Quelles seront plus globalement les conséquences de ces réformes pour les Antilles et la Guyane ? Ce qui se joue à l’heure actuelle c’est, à court terme, la chronique de la mort annoncée de pôles de recherche locaux, orientés vers des problématiques locales, capables de répondre à une demande sociale locale. Ce que ces réformes précipitées mettent en jeu, c’est tout simplement l’avenir d’un organe du développement économique et social essentiel à la Caraïbe.

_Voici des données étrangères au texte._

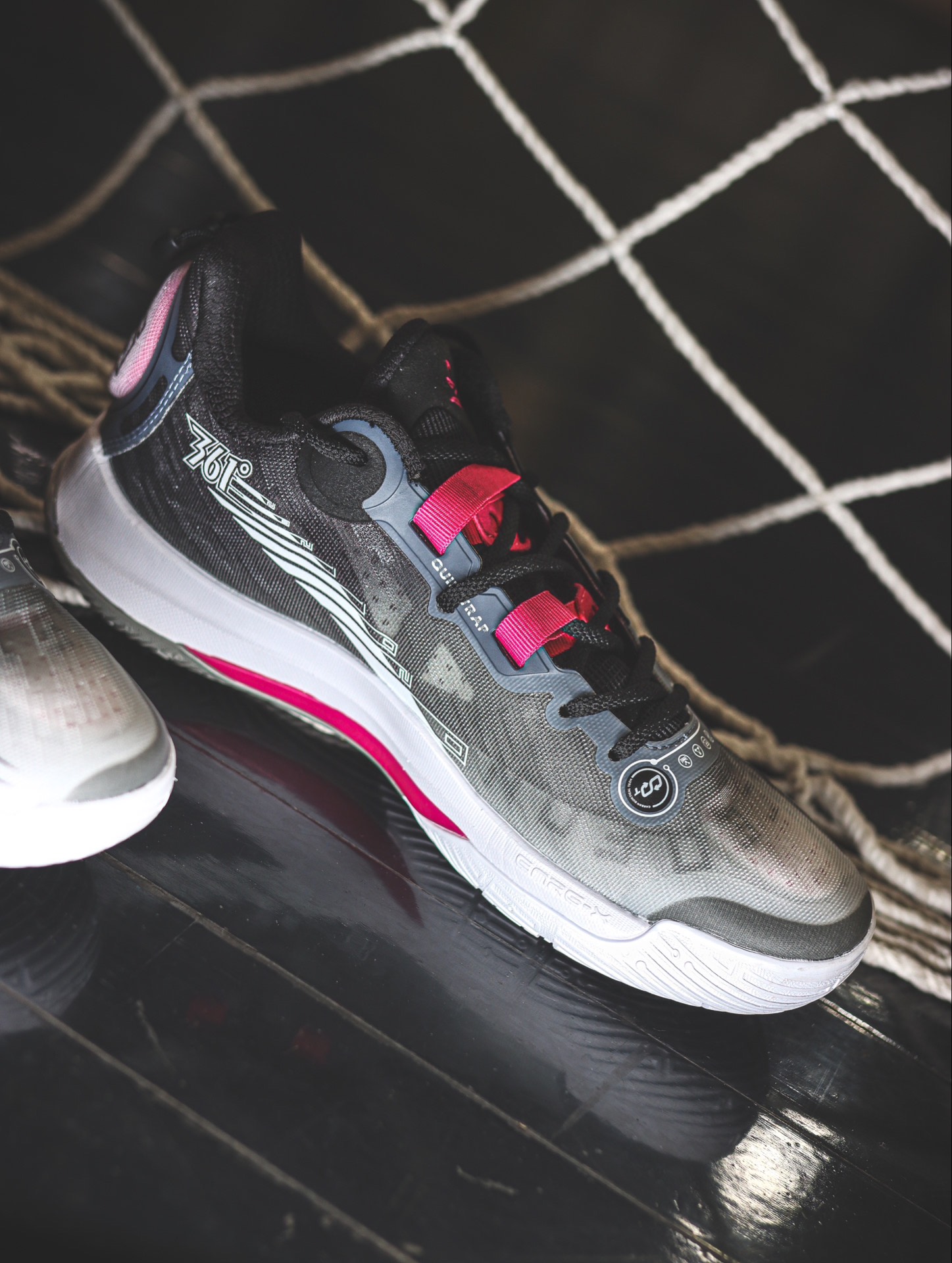 后卫小快灵新选择「配置相当舒服」弹弹弹!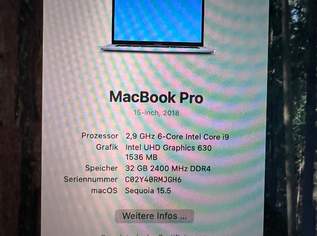 MacBook Pro MacBook Pro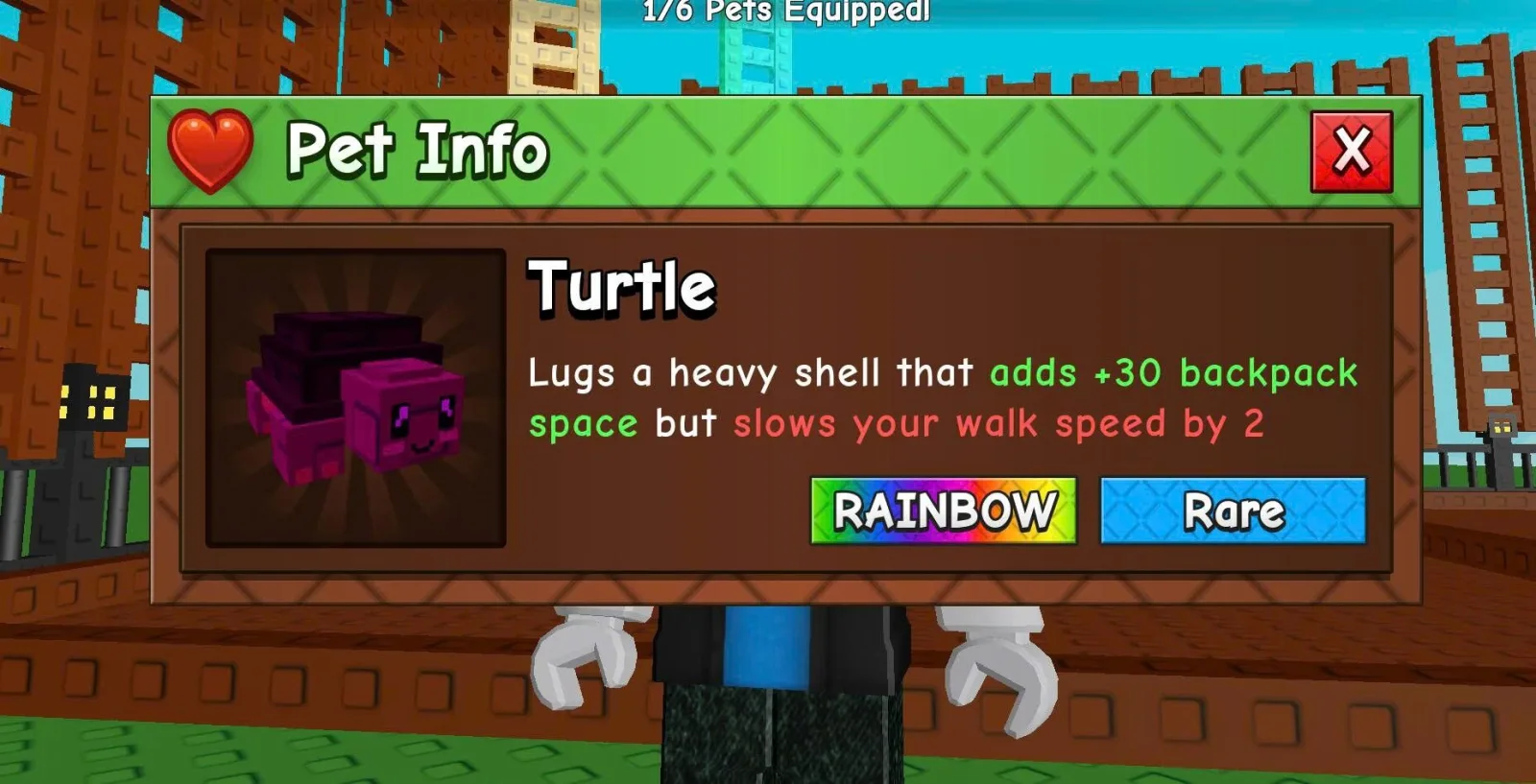 Turtle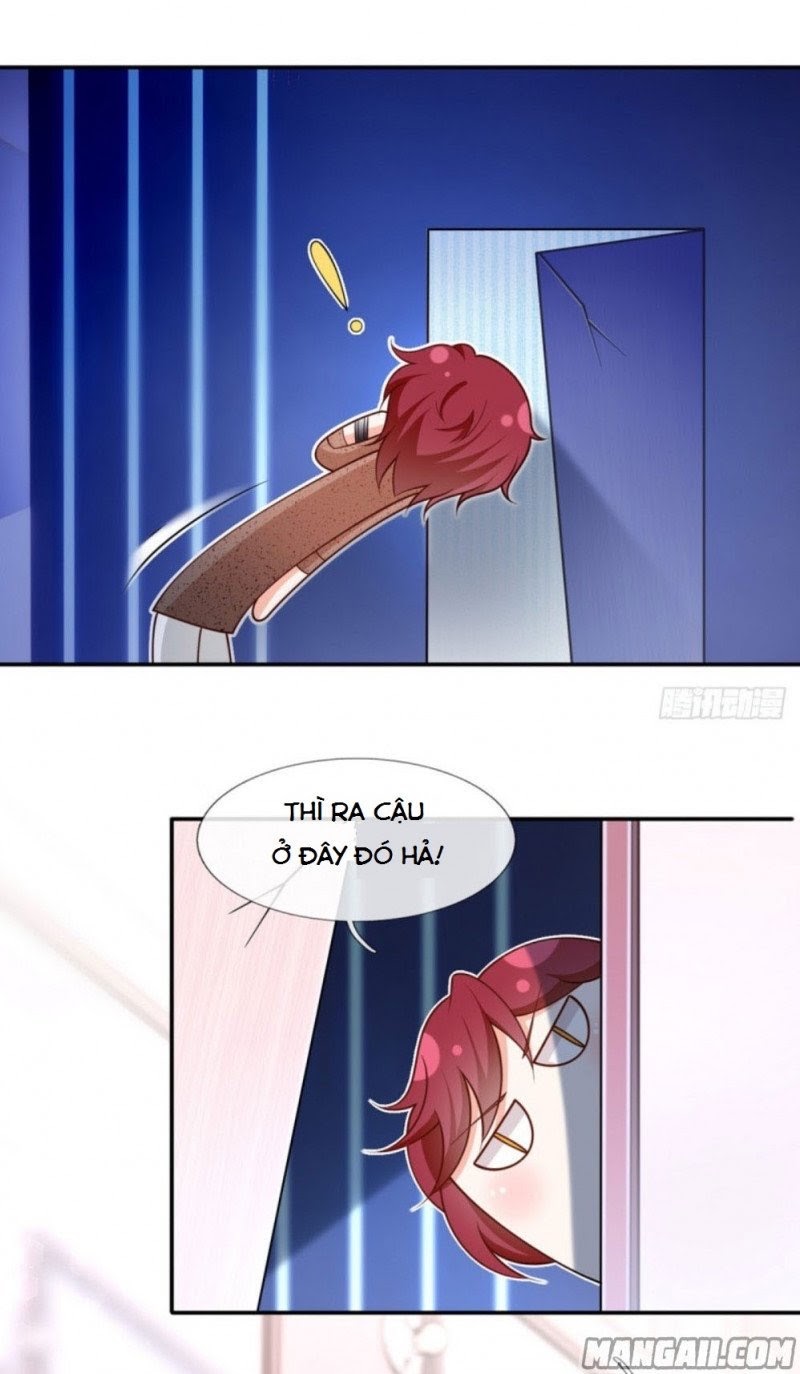 Tôi Xuyên Thành Tiểu Kiều Thê Của Lão Đại Chapter 35 8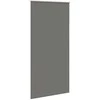 roletas Pilka 95x210 cm audinio plotis 90,7 cm poliesteris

C’est l’intelligence des îles, à la fois en termes de potentiel intellectuel et de compréhension des mondes insulaires, qui est menacée par de « pseudo-avancées » menées tambour battant et sans prise en compte aucune – notamment – des contextes ultramarins. Nos professions valent plus que le mépris. Les espoirs de nos jeunes méritent plus de respect. Nos territoires ne doivent pas laisser sacrifier leur avenir à des logiques strictement comptables.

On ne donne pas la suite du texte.